Transcribe all of the data, leaving nothing out and changing nothing.

Given records =>

%%

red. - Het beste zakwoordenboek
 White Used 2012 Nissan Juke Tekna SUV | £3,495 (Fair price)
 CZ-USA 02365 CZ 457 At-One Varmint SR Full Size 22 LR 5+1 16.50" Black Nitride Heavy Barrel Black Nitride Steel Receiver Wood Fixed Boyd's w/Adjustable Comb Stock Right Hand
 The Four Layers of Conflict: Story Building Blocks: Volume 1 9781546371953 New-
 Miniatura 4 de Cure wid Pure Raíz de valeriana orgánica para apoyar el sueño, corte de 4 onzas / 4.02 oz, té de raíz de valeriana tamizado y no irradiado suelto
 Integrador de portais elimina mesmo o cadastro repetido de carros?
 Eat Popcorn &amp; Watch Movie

%%

Response area =>
red. - Het beste zakwoordenboek
 White Used 2012 Nissan Juke Tekna SUV | £3,495 (Fair price)
 CZ-USA 02365 CZ 457 At-One Varmint SR Full Size 22 LR 5+1 16.50" Black Nitride Heavy Barrel Black Nitride Steel Receiver Wood Fixed Boyd's w/Adjustable Comb Stock Right Hand
 The Four Layers of Conflict: Story Building Blocks: Volume 1 9781546371953 New-
 Miniatura 4 de Cure wid Pure Raíz de valeriana orgánica para apoyar el sueño, corte de 4 onzas / 4.02 oz, té de raíz de valeriana tamizado y no irradiado suelto
 Integrador de portais elimina mesmo o cadastro repetido de carros?
 Eat Popcorn &amp; Watch Movie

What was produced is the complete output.